• [TASK DIRECTIONS]
Please restate the data word for word, in full.

____ AVAILABLE RECORDS

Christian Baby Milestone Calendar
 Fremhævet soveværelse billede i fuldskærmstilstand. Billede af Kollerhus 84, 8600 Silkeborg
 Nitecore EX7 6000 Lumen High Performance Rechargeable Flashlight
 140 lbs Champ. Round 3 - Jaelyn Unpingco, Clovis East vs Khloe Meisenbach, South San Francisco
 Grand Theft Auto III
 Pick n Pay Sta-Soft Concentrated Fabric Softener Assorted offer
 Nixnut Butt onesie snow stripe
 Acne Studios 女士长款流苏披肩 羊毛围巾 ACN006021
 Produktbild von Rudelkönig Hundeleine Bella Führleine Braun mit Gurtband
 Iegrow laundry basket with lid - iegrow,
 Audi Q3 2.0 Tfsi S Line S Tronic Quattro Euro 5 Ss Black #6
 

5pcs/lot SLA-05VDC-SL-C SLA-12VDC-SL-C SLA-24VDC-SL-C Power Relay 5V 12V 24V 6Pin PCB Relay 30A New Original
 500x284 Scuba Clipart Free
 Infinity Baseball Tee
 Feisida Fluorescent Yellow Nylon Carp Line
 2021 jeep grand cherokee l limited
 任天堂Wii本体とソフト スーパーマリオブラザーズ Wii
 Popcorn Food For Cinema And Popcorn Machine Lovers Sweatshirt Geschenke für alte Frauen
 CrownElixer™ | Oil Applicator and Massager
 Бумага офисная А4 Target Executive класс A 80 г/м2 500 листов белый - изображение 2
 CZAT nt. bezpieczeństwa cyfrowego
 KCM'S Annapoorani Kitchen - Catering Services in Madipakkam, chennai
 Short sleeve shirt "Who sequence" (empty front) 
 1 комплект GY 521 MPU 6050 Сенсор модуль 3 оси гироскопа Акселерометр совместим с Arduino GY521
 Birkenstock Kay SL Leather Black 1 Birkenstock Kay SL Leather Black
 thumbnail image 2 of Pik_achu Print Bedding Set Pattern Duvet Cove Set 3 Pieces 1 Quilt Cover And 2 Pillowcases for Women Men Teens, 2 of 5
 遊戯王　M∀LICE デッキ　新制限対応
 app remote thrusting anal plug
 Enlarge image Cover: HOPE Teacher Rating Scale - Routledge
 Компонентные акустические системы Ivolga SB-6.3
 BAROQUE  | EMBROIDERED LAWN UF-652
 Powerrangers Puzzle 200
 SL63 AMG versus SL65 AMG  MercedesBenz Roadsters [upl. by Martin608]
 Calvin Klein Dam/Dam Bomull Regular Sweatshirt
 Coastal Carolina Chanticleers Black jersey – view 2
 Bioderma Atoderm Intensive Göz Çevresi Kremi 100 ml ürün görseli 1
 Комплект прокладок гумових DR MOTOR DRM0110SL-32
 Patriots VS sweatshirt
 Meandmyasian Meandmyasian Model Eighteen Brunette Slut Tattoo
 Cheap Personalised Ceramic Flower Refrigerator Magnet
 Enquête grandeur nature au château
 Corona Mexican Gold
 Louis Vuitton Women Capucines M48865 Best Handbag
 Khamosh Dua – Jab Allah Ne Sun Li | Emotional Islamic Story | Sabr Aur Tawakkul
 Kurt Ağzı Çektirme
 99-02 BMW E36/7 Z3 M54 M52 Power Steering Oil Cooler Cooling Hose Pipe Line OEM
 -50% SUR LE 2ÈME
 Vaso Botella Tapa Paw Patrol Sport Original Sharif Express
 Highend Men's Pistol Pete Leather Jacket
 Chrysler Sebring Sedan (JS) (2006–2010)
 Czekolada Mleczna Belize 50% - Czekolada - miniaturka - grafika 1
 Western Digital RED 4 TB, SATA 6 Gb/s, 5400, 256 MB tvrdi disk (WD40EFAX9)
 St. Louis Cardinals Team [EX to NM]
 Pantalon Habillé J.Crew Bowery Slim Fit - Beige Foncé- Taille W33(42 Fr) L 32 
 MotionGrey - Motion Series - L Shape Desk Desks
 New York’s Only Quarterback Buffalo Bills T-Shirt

________

• [TASK RESULT]
Christian Baby Milestone Calendar
 Fremhævet soveværelse billede i fuldskærmstilstand. Billede af Kollerhus 84, 8600 Silkeborg
 Nitecore EX7 6000 Lumen High Performance Rechargeable Flashlight
 140 lbs Champ. Round 3 - Jaelyn Unpingco, Clovis East vs Khloe Meisenbach, South San Francisco
 Grand Theft Auto III
 Pick n Pay Sta-Soft Concentrated Fabric Softener Assorted offer
 Nixnut Butt onesie snow stripe
 Acne Studios 女士长款流苏披肩 羊毛围巾 ACN006021
 Produktbild von Rudelkönig Hundeleine Bella Führleine Braun mit Gurtband
 Iegrow laundry basket with lid - iegrow,
 Audi Q3 2.0 Tfsi S Line S Tronic Quattro Euro 5 Ss Black #6
 

5pcs/lot SLA-05VDC-SL-C SLA-12VDC-SL-C SLA-24VDC-SL-C Power Relay 5V 12V 24V 6Pin PCB Relay 30A New Original
 500x284 Scuba Clipart Free
 Infinity Baseball Tee
 Feisida Fluorescent Yellow Nylon Carp Line
 2021 jeep grand cherokee l limited
 任天堂Wii本体とソフト スーパーマリオブラザーズ Wii
 Popcorn Food For Cinema And Popcorn Machine Lovers Sweatshirt Geschenke für alte Frauen
 CrownElixer™ | Oil Applicator and Massager
 Бумага офисная А4 Target Executive класс A 80 г/м2 500 листов белый - изображение 2
 CZAT nt. bezpieczeństwa cyfrowego
 KCM'S Annapoorani Kitchen - Catering Services in Madipakkam, chennai
 Short sleeve shirt "Who sequence" (empty front) 
 1 комплект GY 521 MPU 6050 Сенсор модуль 3 оси гироскопа Акселерометр совместим с Arduino GY521
 Birkenstock Kay SL Leather Black 1 Birkenstock Kay SL Leather Black
 thumbnail image 2 of Pik_achu Print Bedding Set Pattern Duvet Cove Set 3 Pieces 1 Quilt Cover And 2 Pillowcases for Women Men Teens, 2 of 5
 遊戯王　M∀LICE デッキ　新制限対応
 app remote thrusting anal plug
 Enlarge image Cover: HOPE Teacher Rating Scale - Routledge
 Компонентные акустические системы Ivolga SB-6.3
 BAROQUE  | EMBROIDERED LAWN UF-652
 Powerrangers Puzzle 200
 SL63 AMG versus SL65 AMG  MercedesBenz Roadsters [upl. by Martin608]
 Calvin Klein Dam/Dam Bomull Regular Sweatshirt
 Coastal Carolina Chanticleers Black jersey – view 2
 Bioderma Atoderm Intensive Göz Çevresi Kremi 100 ml ürün görseli 1
 Комплект прокладок гумових DR MOTOR DRM0110SL-32
 Patriots VS sweatshirt
 Meandmyasian Meandmyasian Model Eighteen Brunette Slut Tattoo
 Cheap Personalised Ceramic Flower Refrigerator Magnet
 Enquête grandeur nature au château
 Corona Mexican Gold
 Louis Vuitton Women Capucines M48865 Best Handbag
 Khamosh Dua – Jab Allah Ne Sun Li | Emotional Islamic Story | Sabr Aur Tawakkul
 Kurt Ağzı Çektirme
 99-02 BMW E36/7 Z3 M54 M52 Power Steering Oil Cooler Cooling Hose Pipe Line OEM
 -50% SUR LE 2ÈME
 Vaso Botella Tapa Paw Patrol Sport Original Sharif Express
 Highend Men's Pistol Pete Leather Jacket
 Chrysler Sebring Sedan (JS) (2006–2010)
 Czekolada Mleczna Belize 50% - Czekolada - miniaturka - grafika 1
 Western Digital RED 4 TB, SATA 6 Gb/s, 5400, 256 MB tvrdi disk (WD40EFAX9)
 St. Louis Cardinals Team [EX to NM]
 Pantalon Habillé J.Crew Bowery Slim Fit - Beige Foncé- Taille W33(42 Fr) L 32 
 MotionGrey - Motion Series - L Shape Desk Desks
 New York’s Only Quarterback Buffalo Bills T-Shirt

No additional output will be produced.